10. The composition according to claim 1 wherein D) is a graft polymer based on a methyl methacrylate-butadiene-styrene rubber.

11. The composition according to claim 1 wherein D is a graft polymer having a graft base selected from the group consisting of acrylate having a glass transition temperature below −5° C. and elastomeric block polymer based on at least one vinyl aromatic compound and diene.

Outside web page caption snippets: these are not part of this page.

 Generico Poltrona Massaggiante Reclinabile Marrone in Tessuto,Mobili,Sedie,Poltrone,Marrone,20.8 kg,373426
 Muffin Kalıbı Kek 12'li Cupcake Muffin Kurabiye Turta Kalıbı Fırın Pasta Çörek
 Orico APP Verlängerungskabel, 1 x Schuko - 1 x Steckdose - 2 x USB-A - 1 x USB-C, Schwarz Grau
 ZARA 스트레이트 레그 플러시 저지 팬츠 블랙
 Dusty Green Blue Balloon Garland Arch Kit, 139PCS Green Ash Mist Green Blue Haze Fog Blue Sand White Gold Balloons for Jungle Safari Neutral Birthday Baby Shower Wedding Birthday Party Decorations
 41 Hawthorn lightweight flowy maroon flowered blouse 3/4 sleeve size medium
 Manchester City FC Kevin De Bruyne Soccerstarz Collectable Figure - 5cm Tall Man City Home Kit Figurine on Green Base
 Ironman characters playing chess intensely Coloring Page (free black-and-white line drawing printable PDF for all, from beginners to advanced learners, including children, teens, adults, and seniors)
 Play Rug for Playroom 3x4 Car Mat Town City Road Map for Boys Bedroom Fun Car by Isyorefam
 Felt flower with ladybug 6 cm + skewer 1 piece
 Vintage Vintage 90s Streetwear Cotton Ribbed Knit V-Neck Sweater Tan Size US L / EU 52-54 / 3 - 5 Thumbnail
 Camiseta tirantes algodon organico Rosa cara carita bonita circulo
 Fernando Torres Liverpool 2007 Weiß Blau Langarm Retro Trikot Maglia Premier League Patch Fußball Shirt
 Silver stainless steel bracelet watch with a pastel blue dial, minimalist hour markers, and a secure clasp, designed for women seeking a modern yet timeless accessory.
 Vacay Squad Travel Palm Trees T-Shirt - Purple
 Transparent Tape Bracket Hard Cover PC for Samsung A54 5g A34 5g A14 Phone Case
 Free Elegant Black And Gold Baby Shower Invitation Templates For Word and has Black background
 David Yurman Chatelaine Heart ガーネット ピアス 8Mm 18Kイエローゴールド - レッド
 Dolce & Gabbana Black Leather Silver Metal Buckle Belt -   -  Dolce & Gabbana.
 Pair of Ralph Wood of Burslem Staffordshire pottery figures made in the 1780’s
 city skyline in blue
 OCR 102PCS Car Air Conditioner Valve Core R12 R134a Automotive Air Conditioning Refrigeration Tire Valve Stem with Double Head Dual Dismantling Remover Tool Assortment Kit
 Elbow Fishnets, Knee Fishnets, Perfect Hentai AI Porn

12. The composition according to claim 1 wherein D) is a graft polymer containing a grafted phase D.1) and graft base D.2) wherein

D.1) is 95 to 5% relative to the weight of D) and is polymerized from at least one ethylenically unsaturated monomer, and

D.2) is 5 to 95% relative to the weight of D) and is an acrylate rubber having a glass transition temperature <−10° C.

13. The composition according to claim 1 wherein D) is a block copolymer having two or three blocks.

14. The compositions according to claim 1 characterized in having Vicat B temperature that is above 145° C. and below 220° C.

15. A method of using the composition according to claim 1 comprising producing a molded article.

16. The molded article prepared by the method of claim 15.

17. An exterior automotive body part comprising the composition of claim 1.